[Items listed in a dataset]
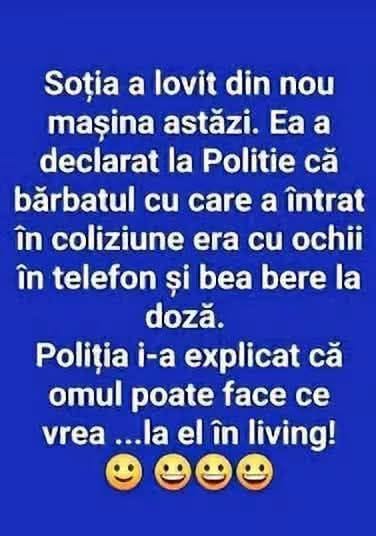 Soția a lovit din nou mașina. Bărbatul era cu ochii în telefon și bea bere la doză... la el în living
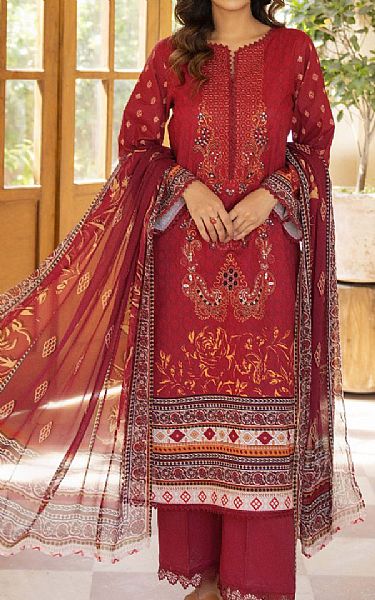 Humdum Vivid Burgundy Lawn Suit | Pakistani Lawn Dress in USA- Image 1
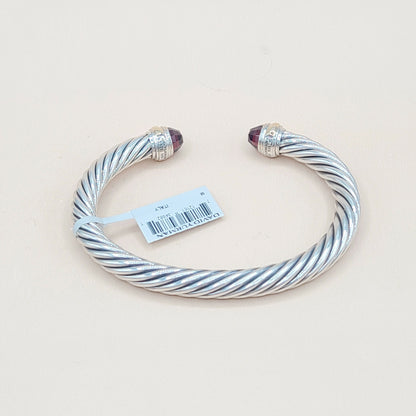 David Yurman 7mm Cable Garnet Bracelet Silver & Gold | New with Tags  AYW Luxury #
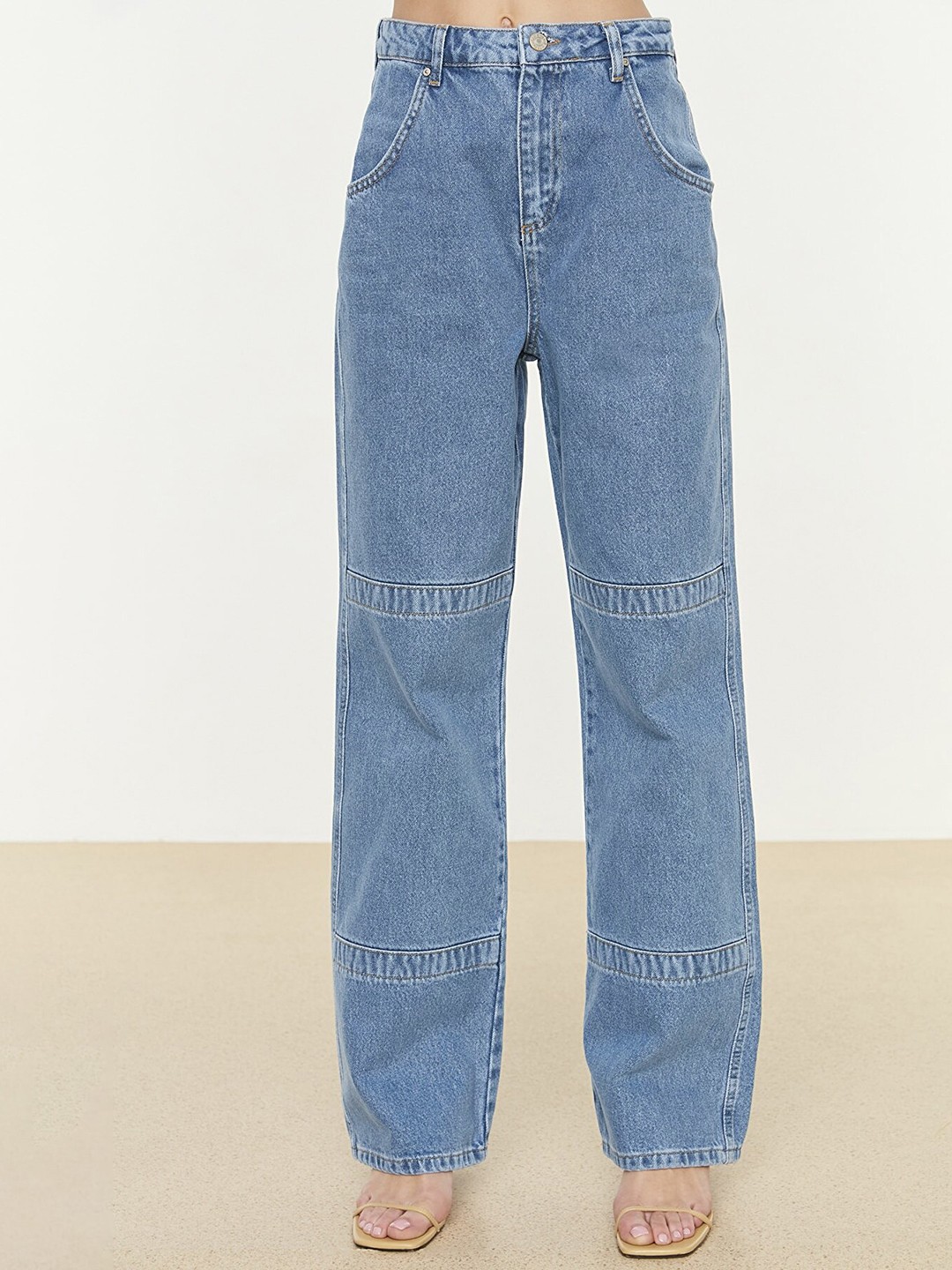 

Trendyol Women Blue Wide Leg High-Rise Jeans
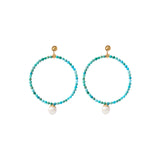 Stn Ring Fwp Drp Stud 18k Gold Plated, Turquoise, White Pearl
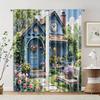 2 Pcs Filtering Curtains (excluding Rods Non-movable Without Batteries) House and Flowers for Use In Bedrooms and Living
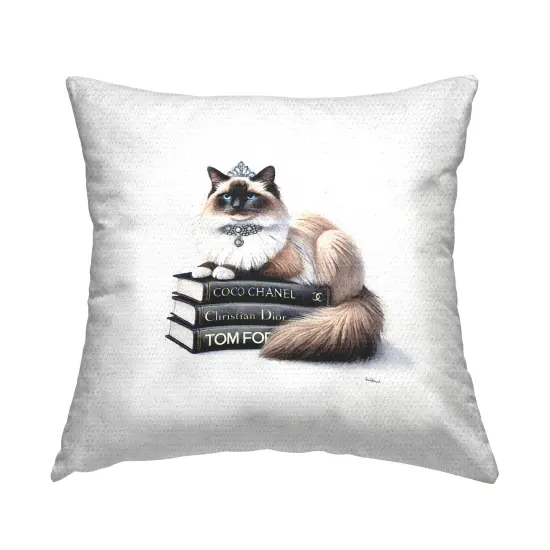 Elegant Glam Cat & Books Outdoor Printed Pillow Design by Amanda Greenwood, 18 x 7 x 18 {1}
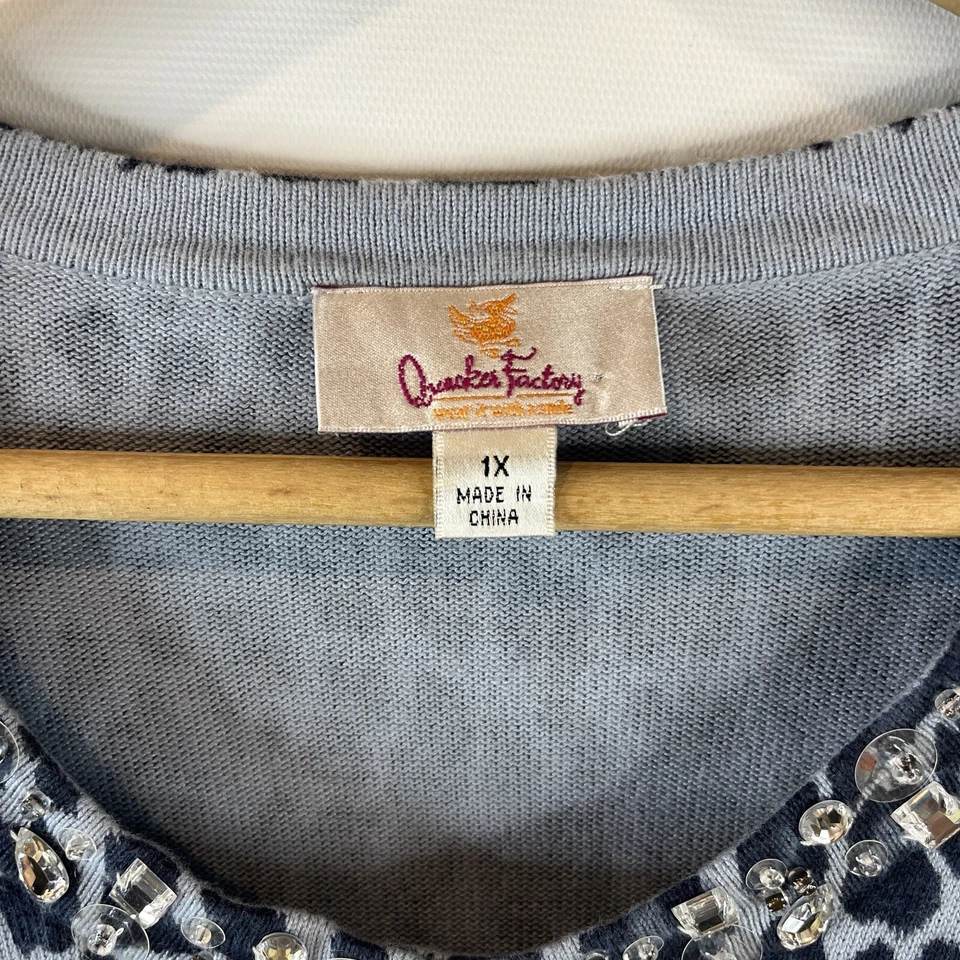 Quacker Factory Womens Cardigan Sweater Size 1X Blue Leopard Rhinestone Beaded - Image 3 of 4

-- Task prompt --
Please set down the records above word for word and omit their pictures.

-- Written reply --
 Soția a lovit din nou mașina. Bărbatul era cu ochii în telefon și bea bere la doză... la el în living
 Humdum Vivid Burgundy Lawn Suit | Pakistani Lawn Dress in USA- Image 1
 David Yurman 7mm Cable Garnet Bracelet Silver & Gold | New with Tags  AYW Luxury #

Trendyol Women Blue Wide Leg High-Rise Jeans
 Stn Ring Fwp Drp Stud 18k Gold Plated, Turquoise, White Pearl
 2 Pcs Filtering Curtains (excluding Rods Non-movable Without Batteries) House and Flowers for Use In Bedrooms and Living
 Elegant Glam Cat & Books Outdoor Printed Pillow Design by Amanda Greenwood, 18 x 7 x 18 {1}
 Quacker Factory Womens Cardigan Sweater Size 1X Blue Leopard Rhinestone Beaded - Image 3 of 4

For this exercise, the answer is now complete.